● **Data extract**
-------------------------

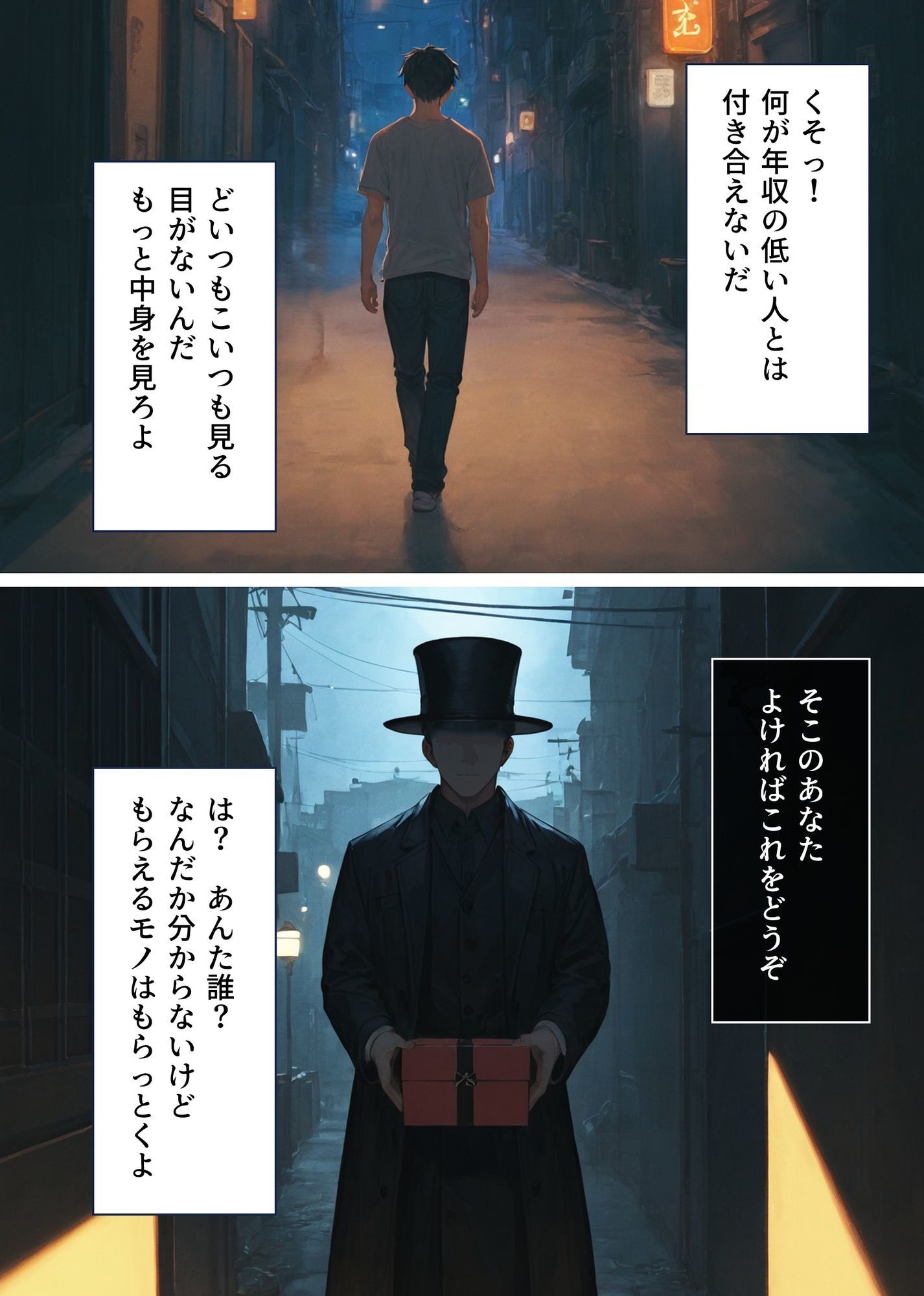 復讐盗撮 透明になれるカメラを手にしたら サンプル画像1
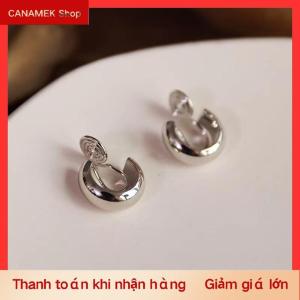CS 1 Cặp Đơn Giản Tính Khí Kẹp Tai Cổ Điển Dễ Thương Sụn Không Có Xỏ Kẹp Bông Tai Cho Phụ Nữ Cô Gái Đồ Trang Sức Phụ Kiện Quà Tặng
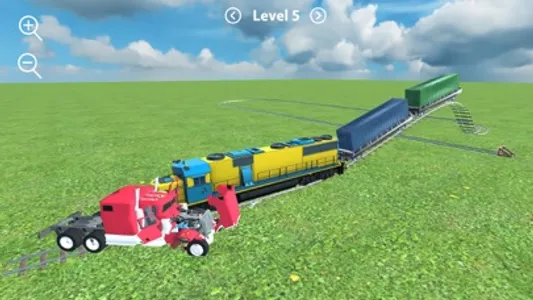 Train vs cars. Subway express screenshot 0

-------------------------

● **Action item**
The result should be the full listing, retyped exactly and free of pictures.

● **Answer**
 復讐盗撮 透明になれるカメラを手にしたら サンプル画像1
CS 1 Cặp Đơn Giản Tính Khí Kẹp Tai Cổ Điển Dễ Thương Sụn Không Có Xỏ Kẹp Bông Tai Cho Phụ Nữ Cô Gái Đồ Trang Sức Phụ Kiện Quà Tặng
 Train vs cars. Subway express screenshot 0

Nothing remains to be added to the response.